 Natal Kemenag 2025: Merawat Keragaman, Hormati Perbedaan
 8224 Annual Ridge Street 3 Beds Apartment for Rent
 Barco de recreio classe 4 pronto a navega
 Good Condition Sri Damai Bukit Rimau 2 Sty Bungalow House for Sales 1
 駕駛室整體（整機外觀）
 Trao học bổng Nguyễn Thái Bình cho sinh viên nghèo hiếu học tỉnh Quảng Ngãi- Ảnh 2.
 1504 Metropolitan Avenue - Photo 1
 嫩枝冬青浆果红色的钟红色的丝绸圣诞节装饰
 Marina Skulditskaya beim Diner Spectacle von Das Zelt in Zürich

= = =

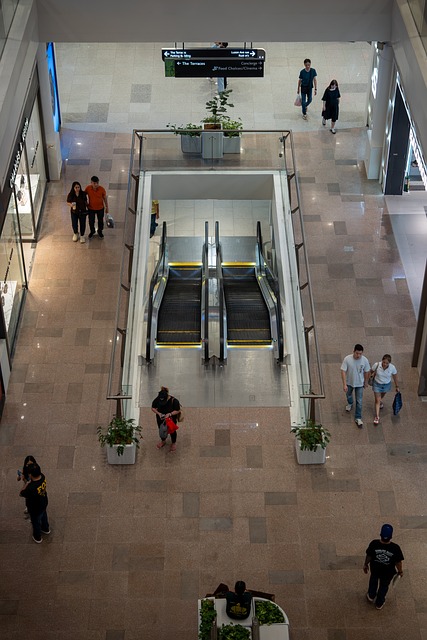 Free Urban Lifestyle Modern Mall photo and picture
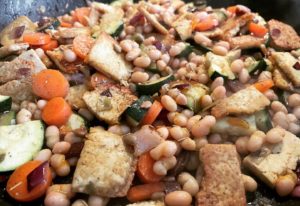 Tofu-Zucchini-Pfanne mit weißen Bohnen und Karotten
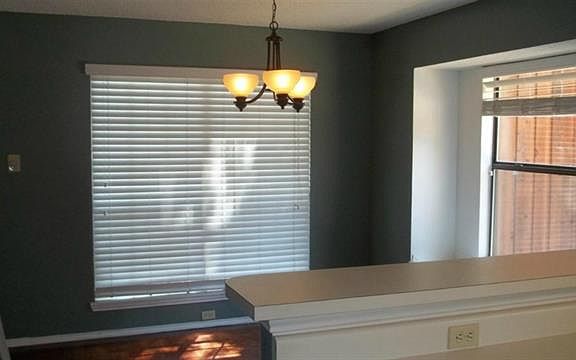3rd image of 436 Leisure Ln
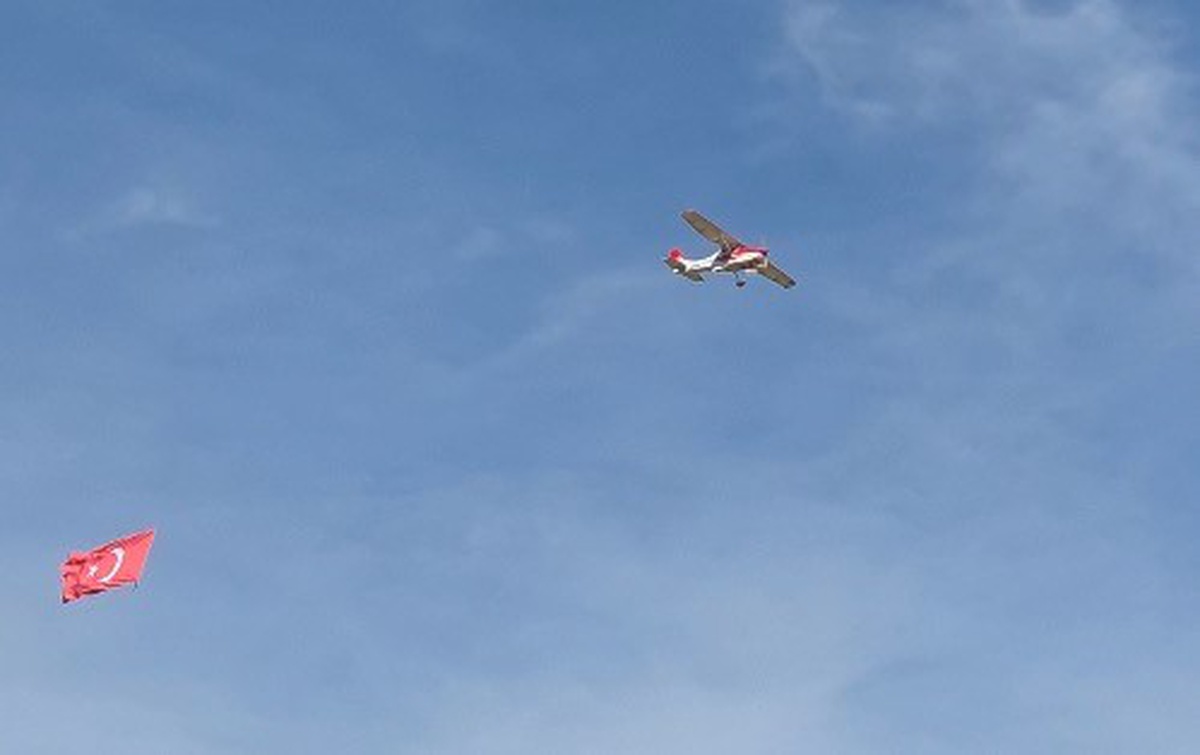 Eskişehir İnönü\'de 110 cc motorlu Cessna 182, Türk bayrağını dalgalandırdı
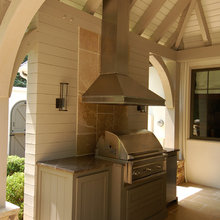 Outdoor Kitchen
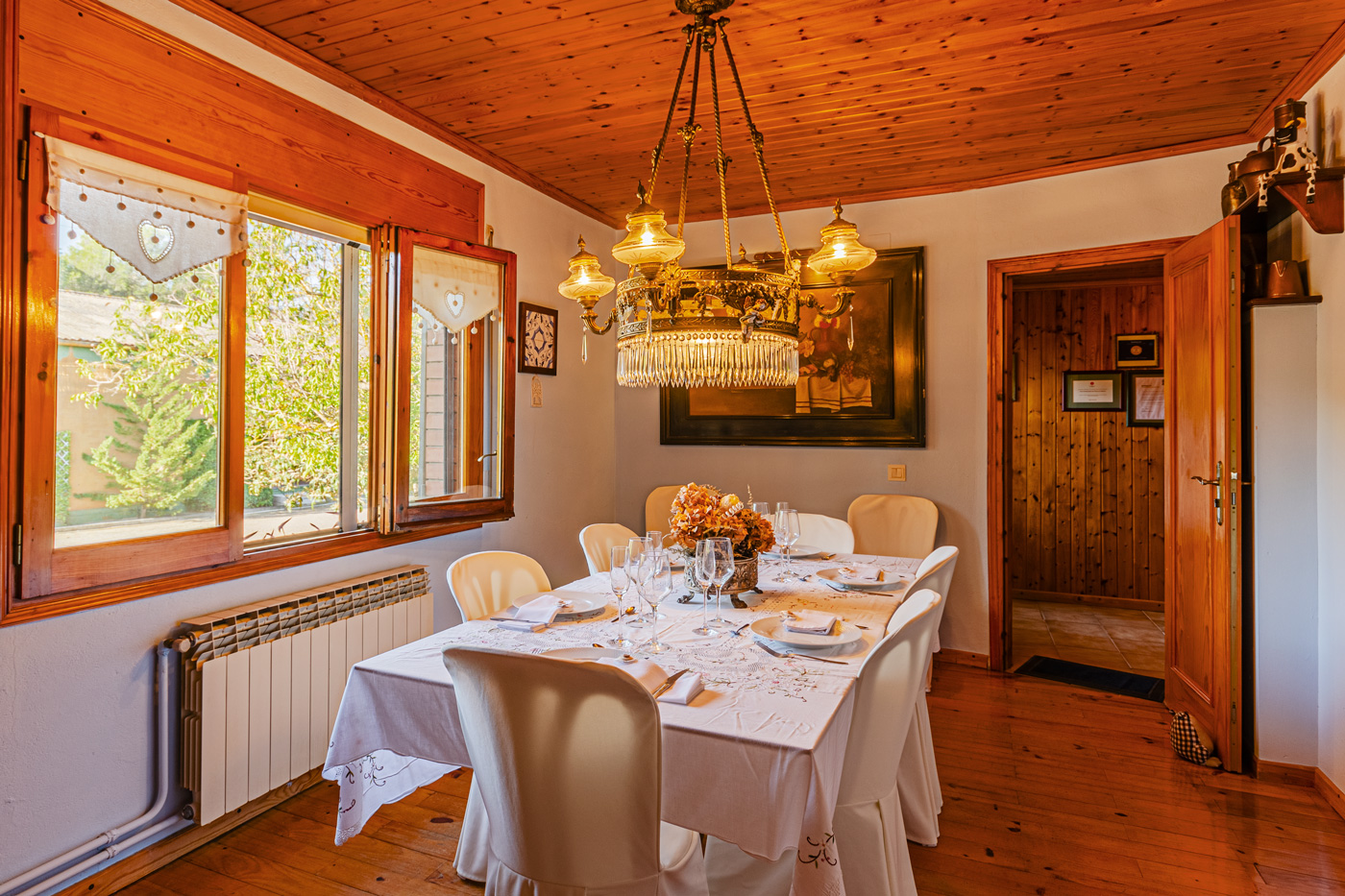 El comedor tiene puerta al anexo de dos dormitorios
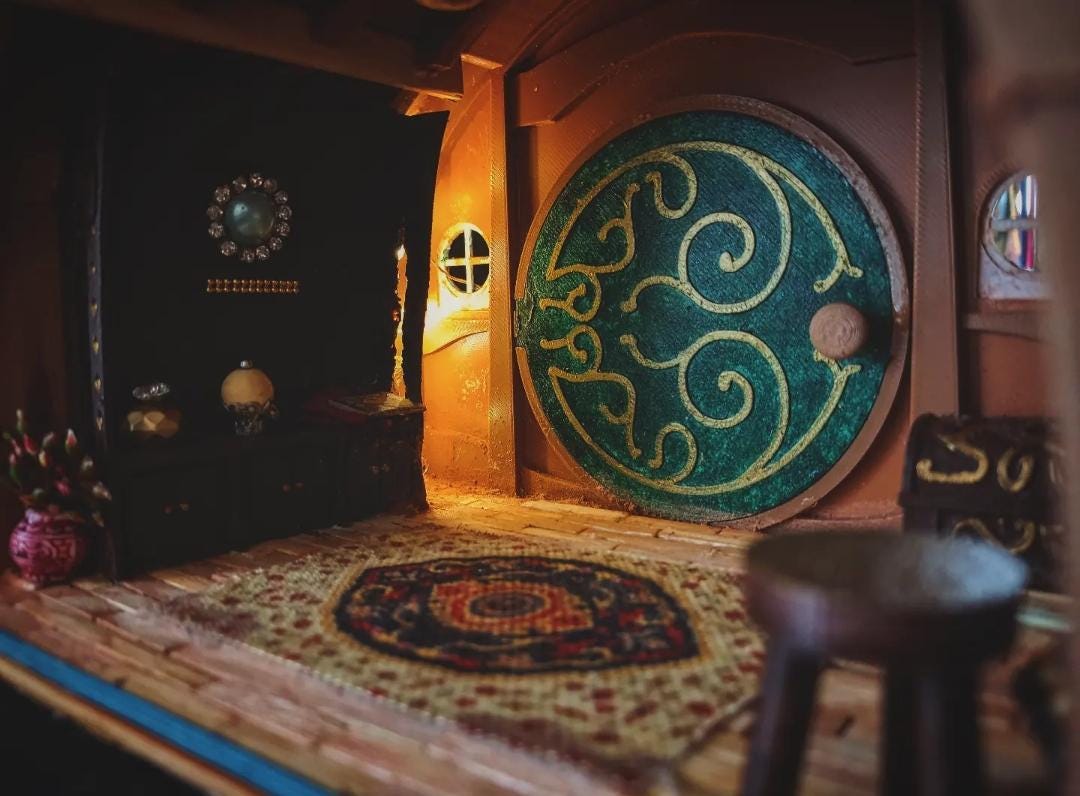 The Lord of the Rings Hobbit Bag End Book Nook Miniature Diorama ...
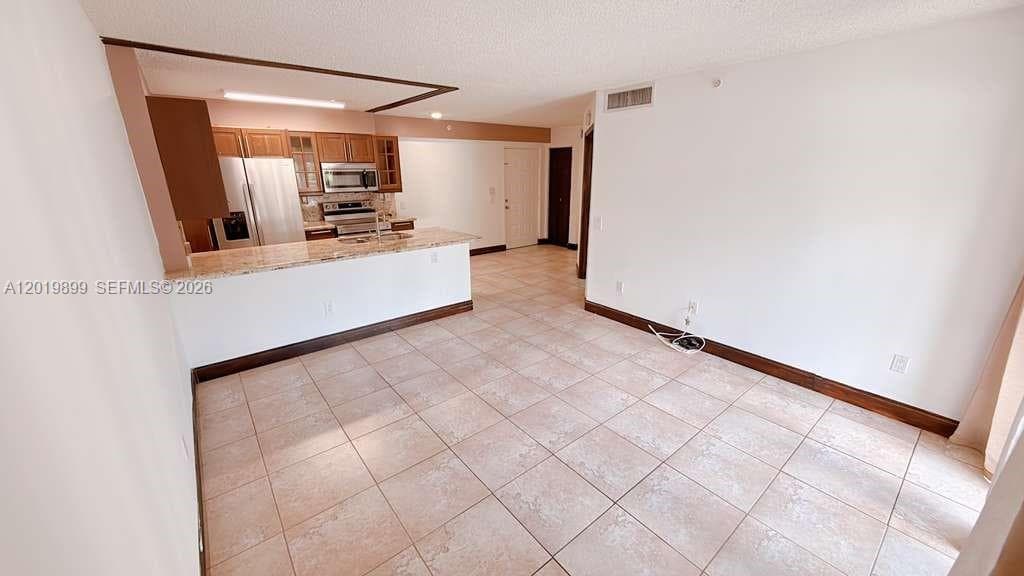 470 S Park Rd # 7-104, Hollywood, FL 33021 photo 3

= = =

Among the entries above, the line containing "Natal Kemenag 2025: Merawat", the line containing "Marina Skulditskaya beim", and all lines between them are to be restated word for word; nothing else belongs in the reply.

SOLUTION:
 Natal Kemenag 2025: Merawat Keragaman, Hormati Perbedaan
 8224 Annual Ridge Street 3 Beds Apartment for Rent
 Barco de recreio classe 4 pronto a navega
 Good Condition Sri Damai Bukit Rimau 2 Sty Bungalow House for Sales 1
 駕駛室整體（整機外觀）
 Trao học bổng Nguyễn Thái Bình cho sinh viên nghèo hiếu học tỉnh Quảng Ngãi- Ảnh 2.
 1504 Metropolitan Avenue - Photo 1
 嫩枝冬青浆果红色的钟红色的丝绸圣诞节装饰
 Marina Skulditskaya beim Diner Spectacle von Das Zelt in Zürich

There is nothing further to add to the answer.